As I go up for Communion I step over the plaque to Maria in the central aisle, above the vault where she is buried. It is a plain lozenge of stone that reads simply :
After Mass I speak to the parish priest, Fr David Foley. It is clear Mrs Fitzherbert is held in great affection in the parish and the church. “We have one or two of her things in a safe,” he says, “a brooch, a soup tureen, cutlery: a few little items.”
The parish priest in her day, Fr Cullen, said of her: “She felt for the necessities of all and amply contributed to their relief. The sick, the helpless, the young, the aged experienced her benefactions, but what she favoured most was our little Charity School.”
This is a thriving Catholic community. To one side the Sisters of Mercy run a home for the elderly, on the other is the Fitzherbert Centre in a building that once housed the school but is now a day centre for Brighton’s homeless and lonely. Each day of the year the Society of St Vincent De Paul organises a soup run with 60 ecumenical volunteers.

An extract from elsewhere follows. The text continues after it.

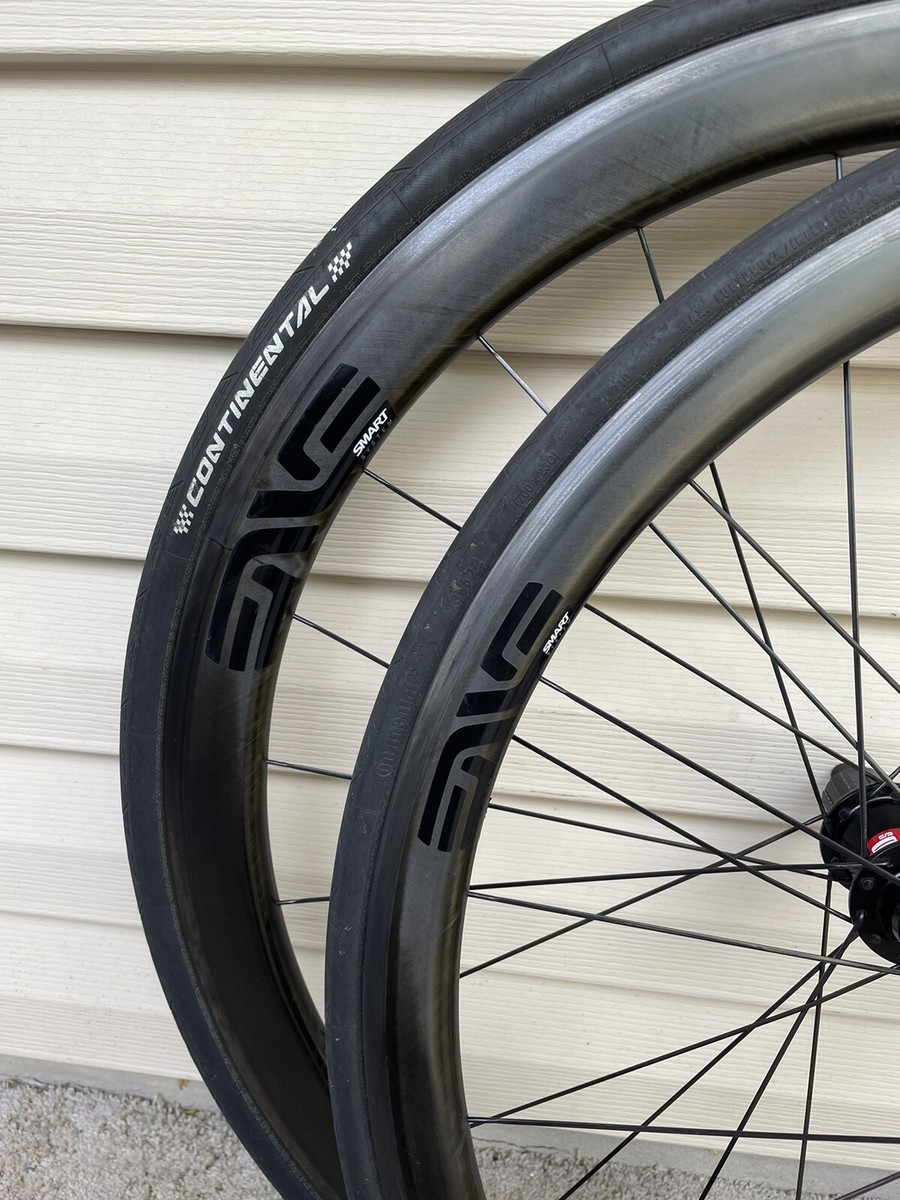 Enve SES 3.4  Tubeless/ Clincher ホイール ENVE SES 3.4 Carbon Clincher Tubeless Rim - Fair Wheel Bikes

There have always been a lot of poor in the parish, says Fr Foley. “A census in the 19th century found 30 people living in a small house. This was always a mixed parish, from Mrs Fitzherbert down to beggars and vagrants, then the rich built another church, St Mary Magdalen, to get away from them!
“Today we have a lot of immigrants, we have a welcome sign in the 40 languages that are spoken in the parish. If you get the 37 bus through Kemp Town and the Bristol Estate you won’t hear a word of English spoken. There are many east Europeans; Africans, Brazilians, Argentinean, Filipinos.
“I’m getting old but the Filipinos have been wonderful for my social life. They love parties and invite me to them. They make me feel young again.
“We get a few holiday makers, not many. I was in Eastbourne before and there visitors would increase the congregation by 200 per cent. When I came here 14 years ago it was the same, but not any more. People now come mostly for day trips, and those who come for the weekend don’t come to go to church!”
Fr Foley has spent half his tenure as a priest inland, half at the seaside. “I am originally from West Cork and I like to be beside the sea. It is always changing, the sun on the sea, the cloud formations: never two days the same. I missed that inland.”
I say goodbye to Fr Foley and take a walk around the block, and pass the homes of a cross-section of Brighton’s distinguished former residents. In my circuit down to the seafront and back I find the homes of Sir Terence Rattigan, Lord Olivier and Max Miller.
I pause to peer down from Marine Parade to the seafront and Brighton’s dull strip of shingle, a miniature tourist train and a few fishermen’s huts. In the middle distance is the pier, its once rather grand wooden pavilions replaced with a fun fair. Somehow the seafront seems like a very minor side show to the real charm of Brighton - its mix of the shabby and genteel, the edgy and the established.
Two doors along is the egg yolk and mulberry painted Hand in Hand brew pub with the sign above the door: “You are Entering the Free State of Kemp Town.”
Sitting in the Free State with a pint of Kemp Town Bitter I ponder something Fr Foley told me about two pages cut from the baptismal records. “Why are they missing,” he had asked. “Did Mrs Fitzherbert and George have children? There are tales that they did and that they were sent away, but it’s all stories.”
I look it up in the booklet he has given me, Three Wedding Rings for Mrs Fitzherbert of Brighton, by Robert Bogan. It confirms that the pages covering entries for 1800 were neatly sliced away, and recounts the rumours that a second adopted daughter, Marianne, was actually the child of Mrs Fitzherbert and George IV, and that there may have been a son as well.
Even if true, it’s hardly something to scandalise Brighton, whatever impact it might have had on the monarchy. “Woman has husband’s child” would never have set a Brighton pulse racing.